Die Notimex-Mitarbeiter:innen hatten einen Tarifvertrag, sie hatten sich im Laufe der Jahre faire Löhne und Zuschläge erkämpft, die Direktorin Sanjauna Martínez beschneiden wollte – Notimex sollte kostengünstiger arbeiten.
Proteste nur teilweise erfolgreich
Das war der Auslöser des Arbeitskampfes, den die Gewerkschaft SutNotimex bis heute führt. 85 der 221 entlassenen organisierten Mitarbeiter:innen nehmen an den Streikposten vor der Notimex-Zentrale noch teil und haben für den Erhalt der Nachrichtenagentur unter die Einhaltung ihres Tarifvertrags gestreikt.
Zumindest teilweise erfolgreich. Die Regierung von Präsident Andrés Manuel López Obrador muss den Streik als rechtmäßig akzeptieren, ausstehende Löhne und Abfindungen zahlen, so entschieden die Gerichte.
Trotzdem hielt Mexikos Präsident über Jahre seine Hand über Notimex-Direktorin Sanjuana Martínez. Er engagierte sich nicht für eine direkte Verhandlungslösung mit SutNotimex, wie von Medienorganisationen mit Artículo 19 angeregt, und das wirft ein mieses Licht auf den mexikanischen Staat als Arbeitgeber.

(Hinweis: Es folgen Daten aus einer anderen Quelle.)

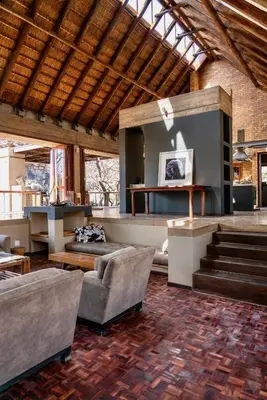 a living room with couches and a staircase in a building at The Riverine Lodge in Welgevonden Game Reserve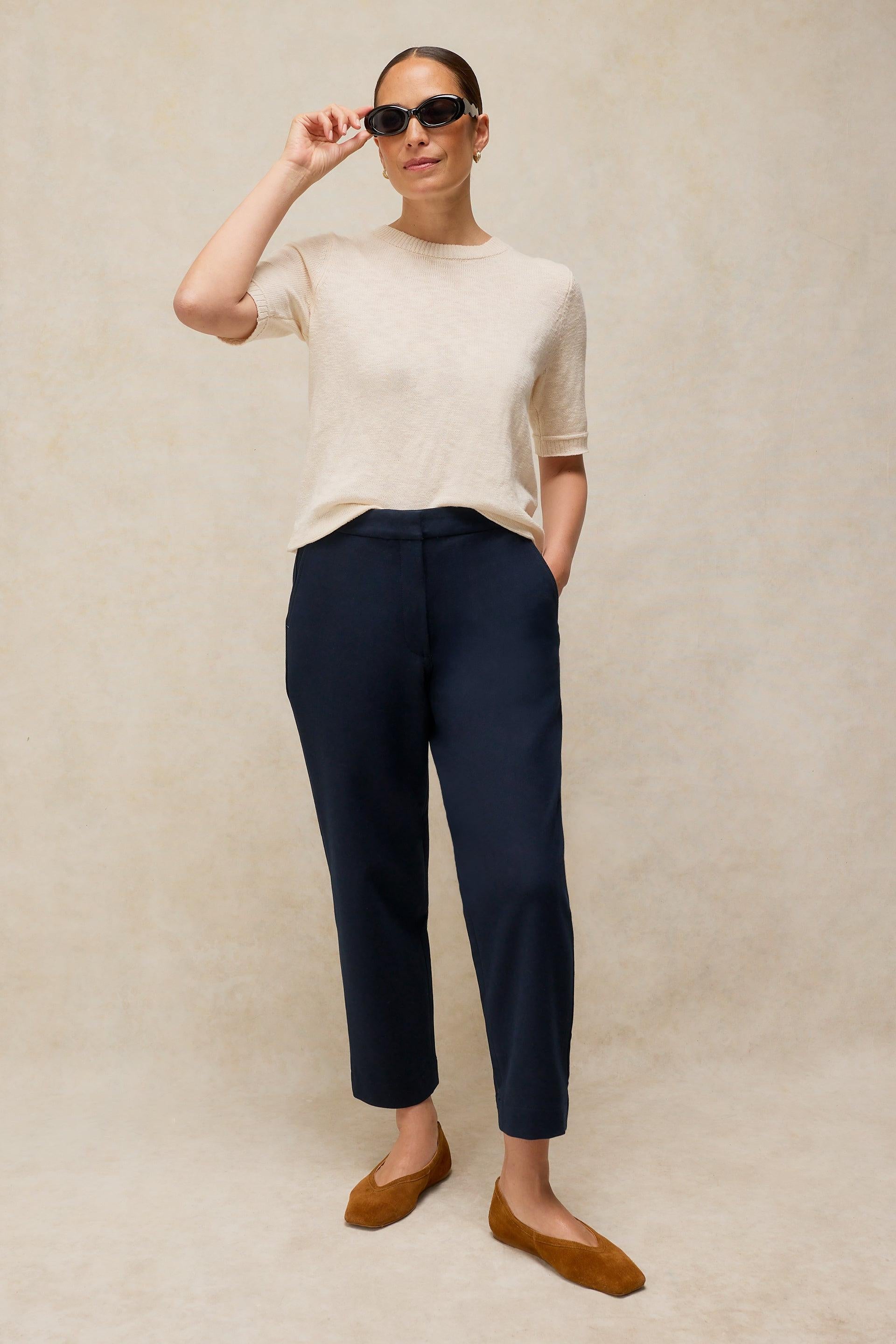 A woman wearing a white organic cotton t-shirt, navy trousers, and sunglasses against a neutral studio backdrop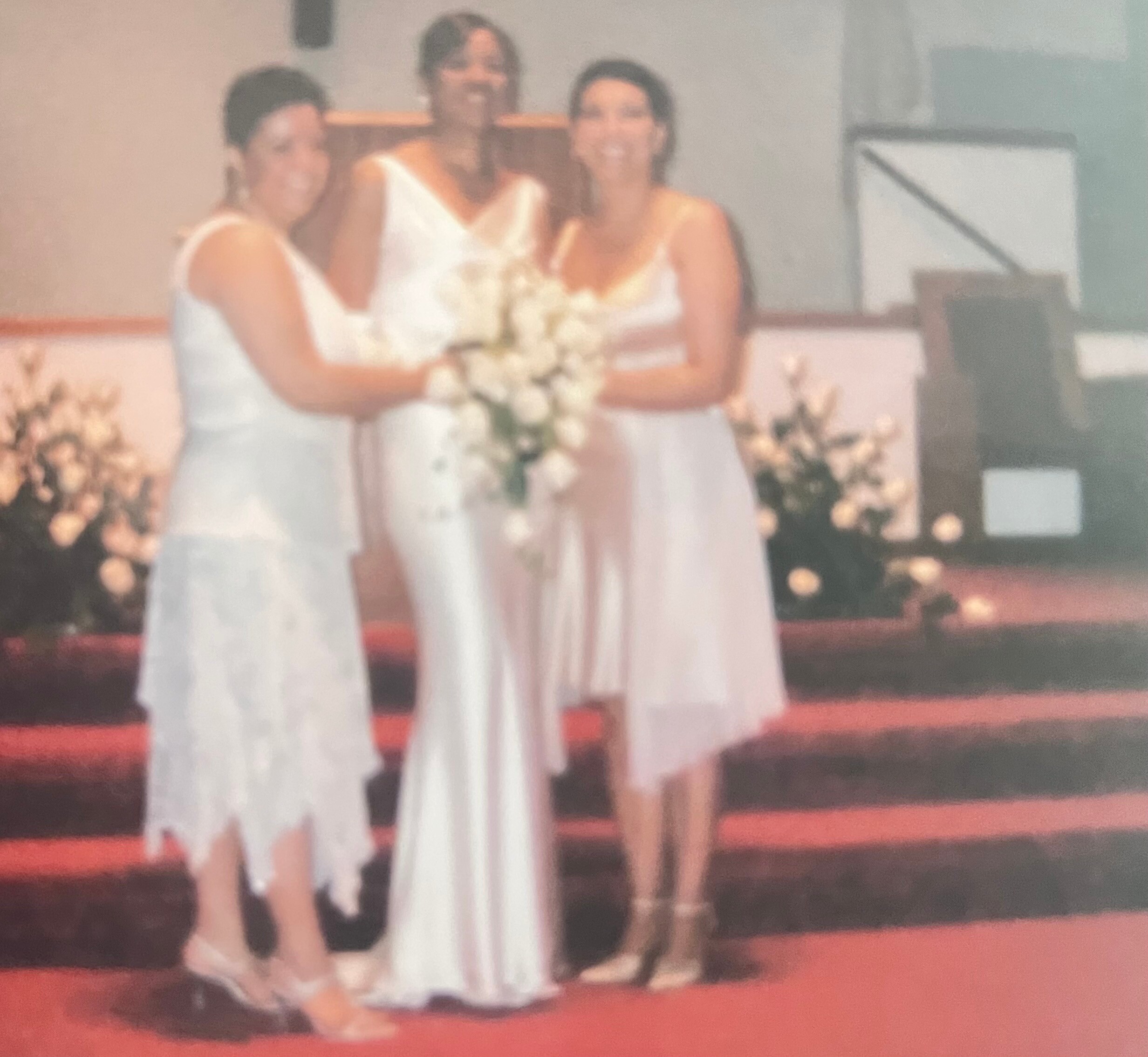 Two women in white dresses standing on a stage, smiling and holding bouquets during a ceremony or celebration.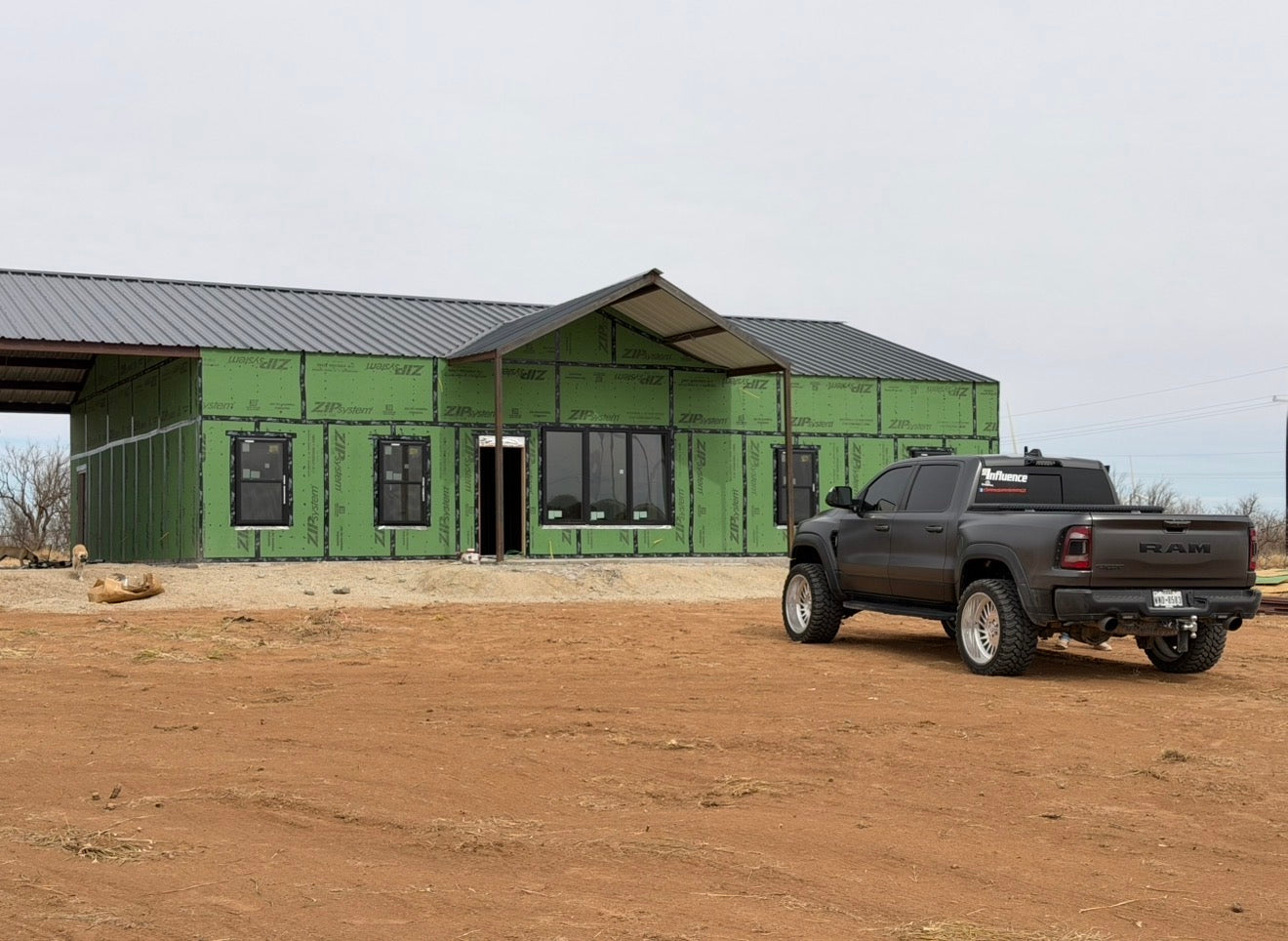 Barndominium under construction with green ZIP System sheathing, a dark metal roof, and a covered front porch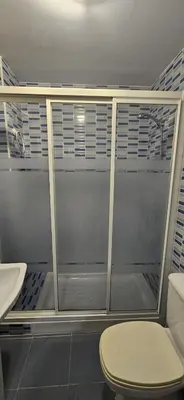 a bathroom with a shower with a toilet and a sink at Valparaiso Arenas in El Puerto de Santa María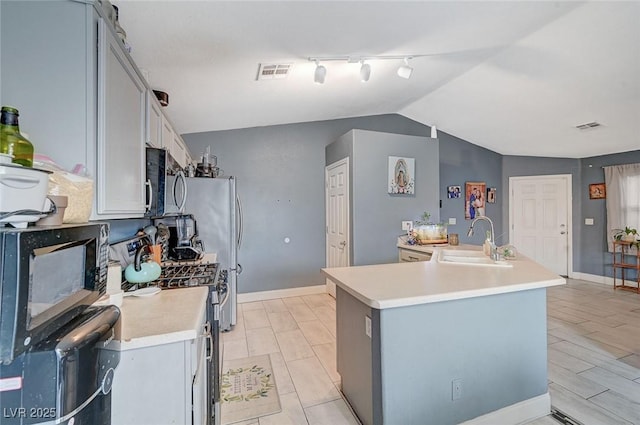 kitchen with appliances with stainless steel finishes, lofted ceiling, sink, track lighting, and a center island with sink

Gefahr für unabhängigen Journalismus
Zugleich ist der Umgang mit den streikenden Journalist:innen Beleg für den fehlenden Respekt für einen kritischen, unabhängigen Journalismus in Mexiko. Der Präsident ist dafür bekannt. Immer wieder hat López Obrador in seinen morgendlichen Medienrunden kritische Journalist:innen angegriffen, teilweise vorgeführt.
Er unternimmt wenig, um die Berichterstatter:innen in Mexiko besser zu schützen. Jüngstes Beispiel ist der Mord an dem Fotografen Ismael Villagómez Tapia in der nordmexikanischen Grenzstadt Ciudad Juárez.
Er ist der siebte Journalist, der dieses Jahr laut der Organisation für Pressfreiheit „Artículo 19“ eines gewaltsamen Todes starb. Seit 2000 wurden der Organisation zufolge fast 160 Pressevertreterinnen und -vertreter in Mexiko ermordet.